DATASET CONTENT START
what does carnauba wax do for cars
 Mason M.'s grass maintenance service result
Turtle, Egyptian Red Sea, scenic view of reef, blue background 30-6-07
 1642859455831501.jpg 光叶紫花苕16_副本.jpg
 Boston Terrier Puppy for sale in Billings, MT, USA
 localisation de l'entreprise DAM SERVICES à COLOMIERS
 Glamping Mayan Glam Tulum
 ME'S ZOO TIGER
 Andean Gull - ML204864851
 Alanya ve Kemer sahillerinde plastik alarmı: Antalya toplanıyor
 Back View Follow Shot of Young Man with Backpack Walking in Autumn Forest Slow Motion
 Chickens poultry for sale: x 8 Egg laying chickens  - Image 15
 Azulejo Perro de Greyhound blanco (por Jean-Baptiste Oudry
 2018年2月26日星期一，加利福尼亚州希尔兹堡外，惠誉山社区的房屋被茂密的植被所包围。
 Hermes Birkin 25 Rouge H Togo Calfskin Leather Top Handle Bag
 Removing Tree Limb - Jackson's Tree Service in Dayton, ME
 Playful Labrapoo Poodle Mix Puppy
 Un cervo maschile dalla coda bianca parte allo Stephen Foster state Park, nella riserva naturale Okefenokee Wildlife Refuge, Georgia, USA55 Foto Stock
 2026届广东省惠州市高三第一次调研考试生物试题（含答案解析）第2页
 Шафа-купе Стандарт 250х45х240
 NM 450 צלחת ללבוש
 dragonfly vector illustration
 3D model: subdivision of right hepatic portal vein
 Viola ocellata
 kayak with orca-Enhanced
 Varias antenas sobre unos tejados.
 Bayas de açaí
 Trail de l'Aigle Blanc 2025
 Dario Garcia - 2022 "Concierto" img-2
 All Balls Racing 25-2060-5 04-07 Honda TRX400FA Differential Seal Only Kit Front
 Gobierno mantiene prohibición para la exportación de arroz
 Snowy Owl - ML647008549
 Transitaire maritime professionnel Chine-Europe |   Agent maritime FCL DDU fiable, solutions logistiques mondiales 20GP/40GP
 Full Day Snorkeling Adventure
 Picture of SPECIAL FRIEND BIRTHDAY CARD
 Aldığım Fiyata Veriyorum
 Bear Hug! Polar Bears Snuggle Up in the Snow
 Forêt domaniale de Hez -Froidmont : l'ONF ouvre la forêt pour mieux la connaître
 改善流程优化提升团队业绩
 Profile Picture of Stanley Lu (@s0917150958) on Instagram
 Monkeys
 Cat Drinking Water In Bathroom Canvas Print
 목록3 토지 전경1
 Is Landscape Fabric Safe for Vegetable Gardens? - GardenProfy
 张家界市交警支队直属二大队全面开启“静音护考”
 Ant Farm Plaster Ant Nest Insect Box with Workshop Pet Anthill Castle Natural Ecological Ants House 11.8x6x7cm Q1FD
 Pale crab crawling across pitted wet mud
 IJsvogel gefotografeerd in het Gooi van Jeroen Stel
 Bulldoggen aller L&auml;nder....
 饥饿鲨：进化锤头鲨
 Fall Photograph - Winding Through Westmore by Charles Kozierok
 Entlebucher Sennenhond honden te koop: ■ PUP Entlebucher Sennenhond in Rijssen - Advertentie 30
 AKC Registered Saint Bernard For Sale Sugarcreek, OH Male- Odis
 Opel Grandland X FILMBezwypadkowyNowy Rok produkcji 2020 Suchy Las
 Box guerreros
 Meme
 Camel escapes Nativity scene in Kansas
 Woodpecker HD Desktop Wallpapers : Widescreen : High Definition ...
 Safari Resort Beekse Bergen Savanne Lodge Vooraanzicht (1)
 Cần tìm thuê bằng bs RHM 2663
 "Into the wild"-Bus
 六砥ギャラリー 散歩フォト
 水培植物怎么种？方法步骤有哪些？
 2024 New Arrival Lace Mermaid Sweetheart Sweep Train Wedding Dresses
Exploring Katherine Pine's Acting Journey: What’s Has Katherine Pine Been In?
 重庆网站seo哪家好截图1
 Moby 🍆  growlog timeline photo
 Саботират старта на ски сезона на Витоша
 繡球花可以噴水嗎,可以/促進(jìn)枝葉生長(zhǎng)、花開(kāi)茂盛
DATASET CONTENT END
* **TO DO**
Find, please, how many lines in the data include the word "Puppy", and put down that number only.

* **RESULT**
2